- TASK DETAILS
Pictures appear among the records. Write out all else exactly as it stands.

Collected data entries
:::::

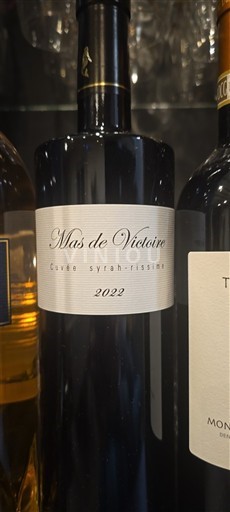 Languedoc ja Roussillon Pays d'Oc Mas de Victoire Syrah-rissini 2022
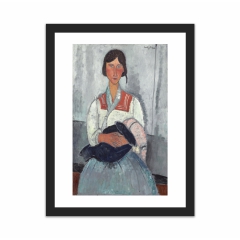 Gypsy Woman with Baby (12×16)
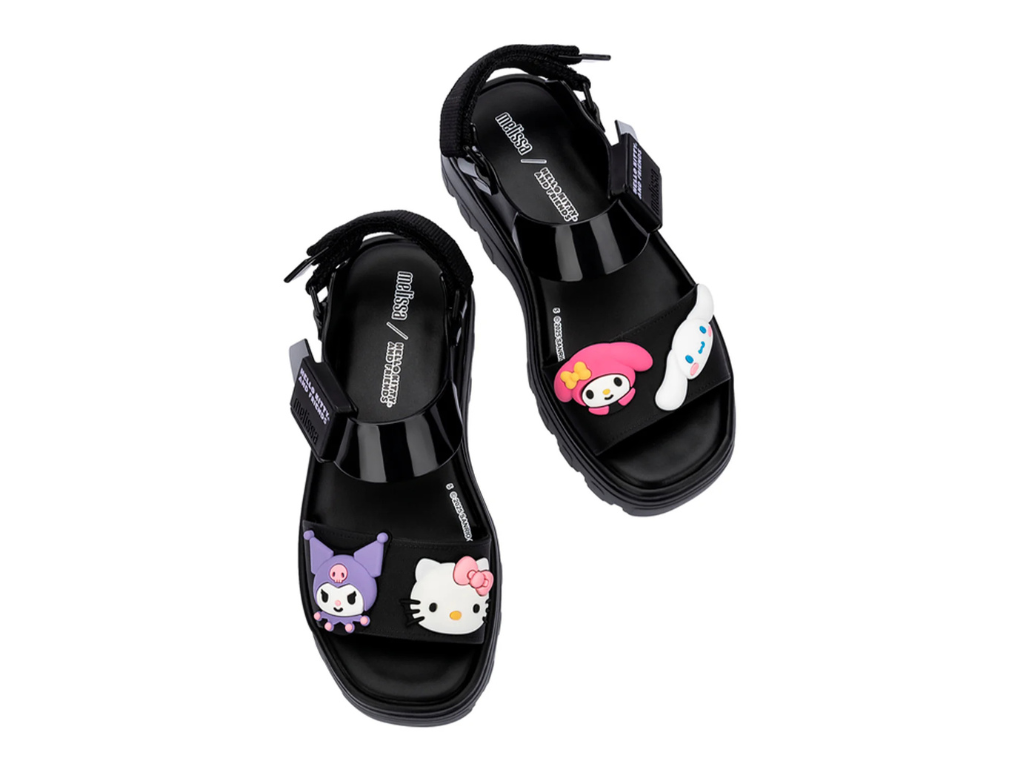 MELISSA KICK OFF SANDAL + HELLO KITTY AND FRIENDS AD – 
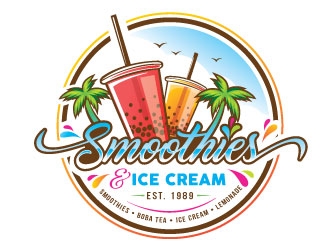 Smoothies & Ice Cream  logo design by REDCROW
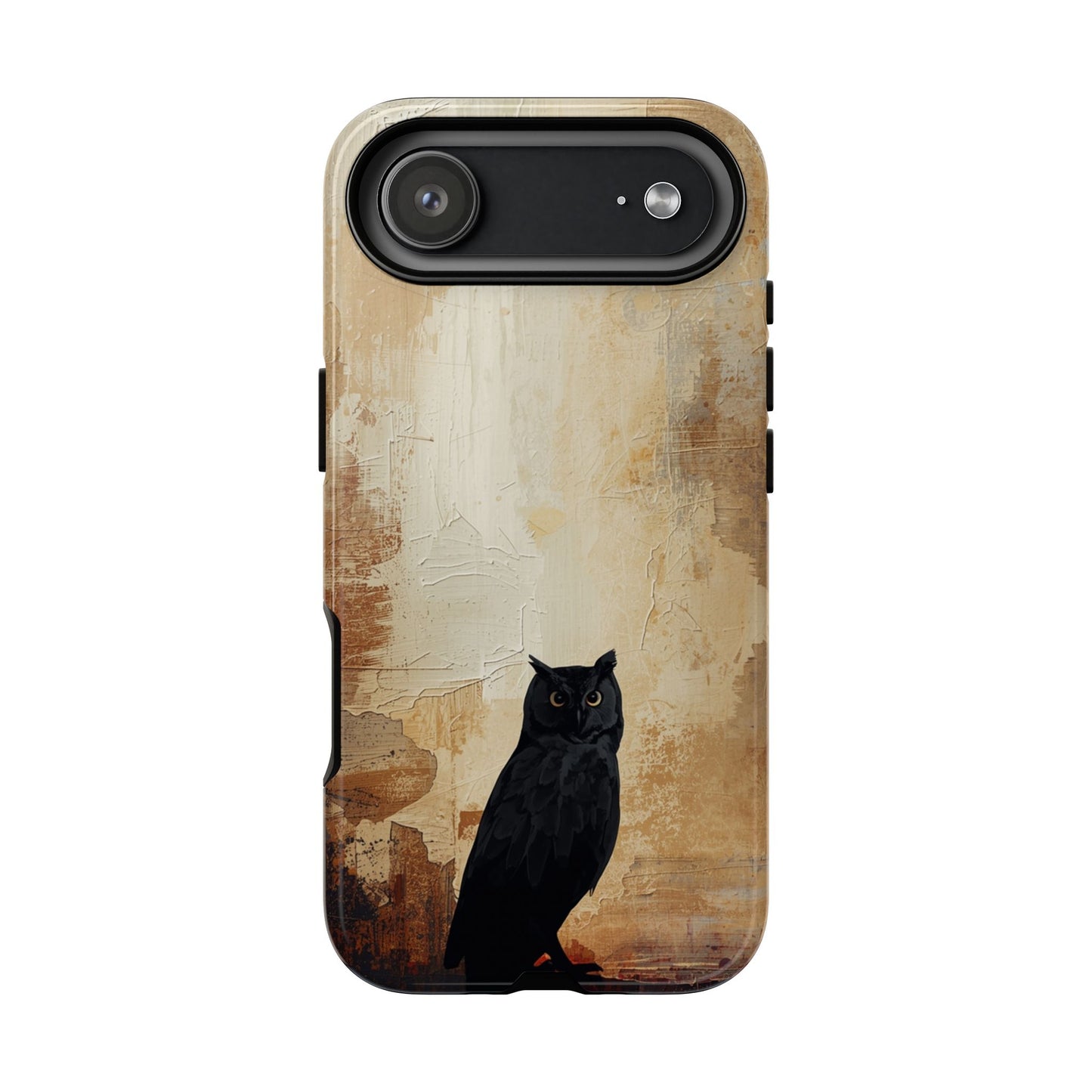 iPhone 17 Air / Glossy Phone Case - Beautiful Abstract Owl Design Phone Case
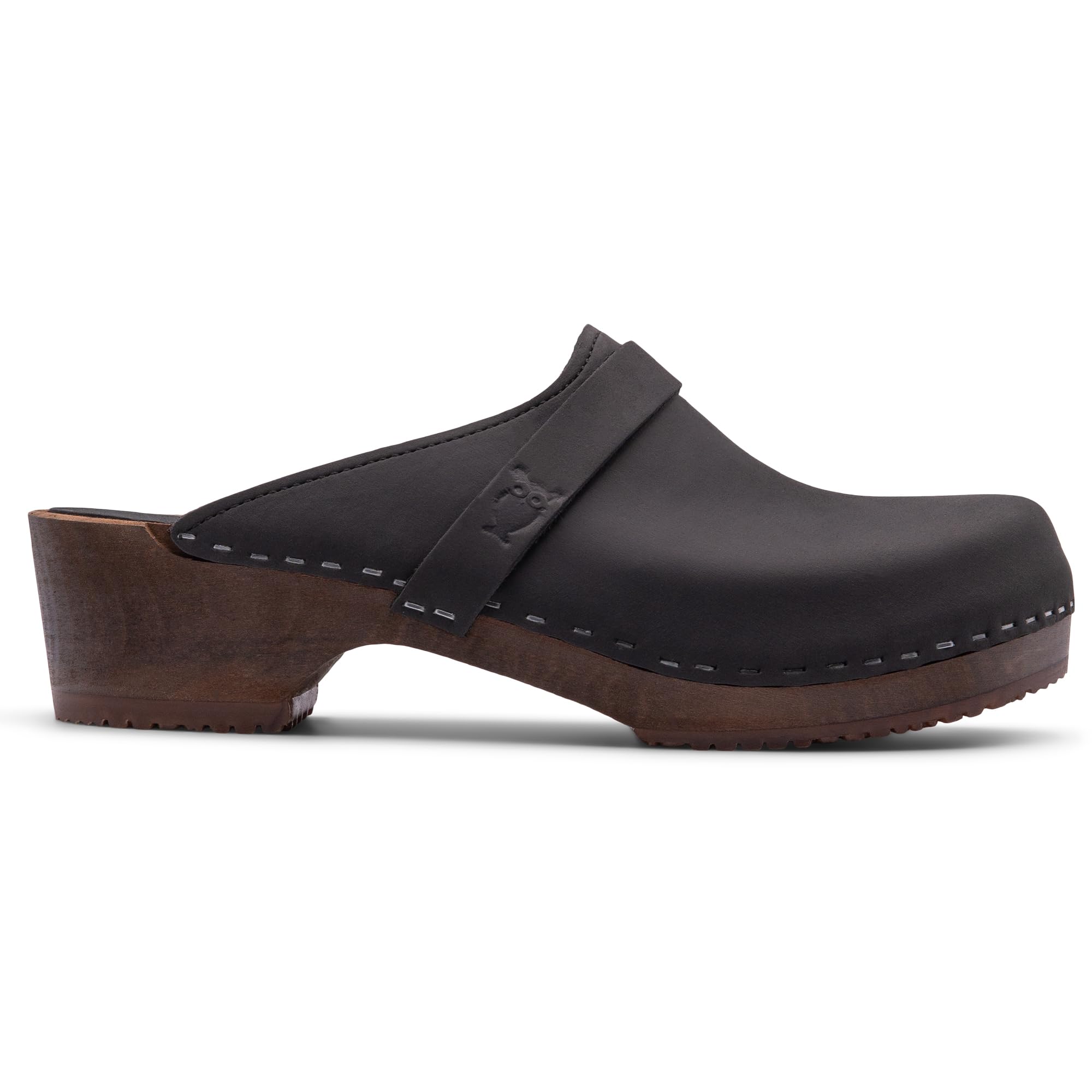 Sandgrens Handmade Swedish Wood Clogs for Men, Low Heel Mule | Malmö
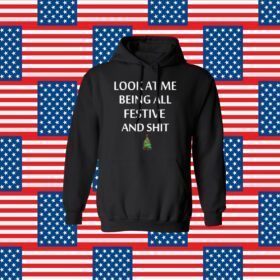 Look At Me Being All Festive And Shit Humorous Xmas Hoodie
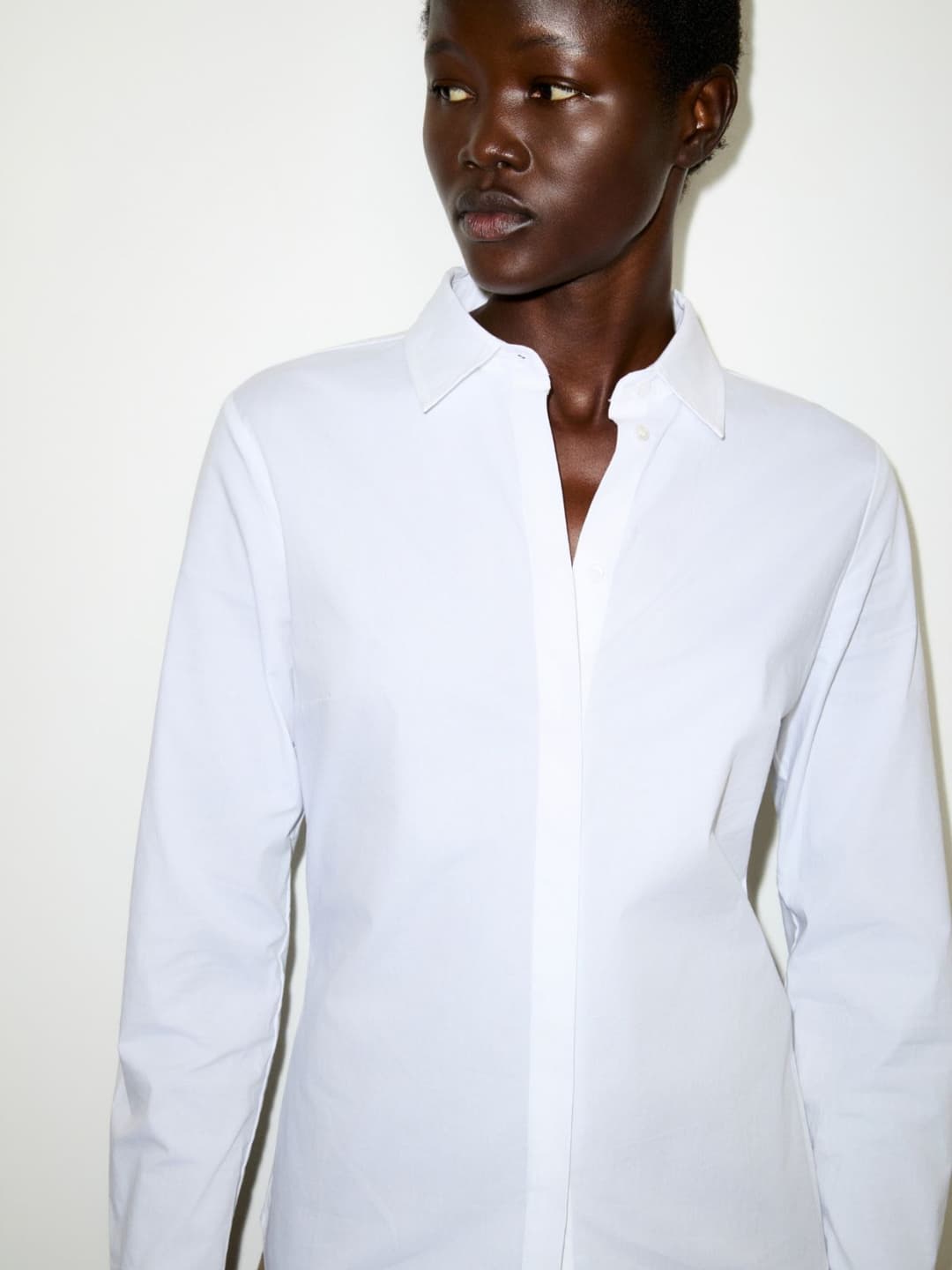 Camicia slim in popeline | Max&Co Camicia slim in popeline - vista alternativa - 2 | Max&Co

:::::

- RESPONSE TO THIS EXERCISE
 Languedoc ja Roussillon Pays d'Oc Mas de Victoire Syrah-rissini 2022
 Gypsy Woman with Baby (12×16)
 MELISSA KICK OFF SANDAL + HELLO KITTY AND FRIENDS AD – 
 Smoothies & Ice Cream  logo design by REDCROW
 iPhone 17 Air / Glossy Phone Case - Beautiful Abstract Owl Design Phone Case
 Sandgrens Handmade Swedish Wood Clogs for Men, Low Heel Mule | Malmö
 Look At Me Being All Festive And Shit Humorous Xmas Hoodie
 Camicia slim in popeline | Max&Co Camicia slim in popeline - vista alternativa - 2 | Max&Co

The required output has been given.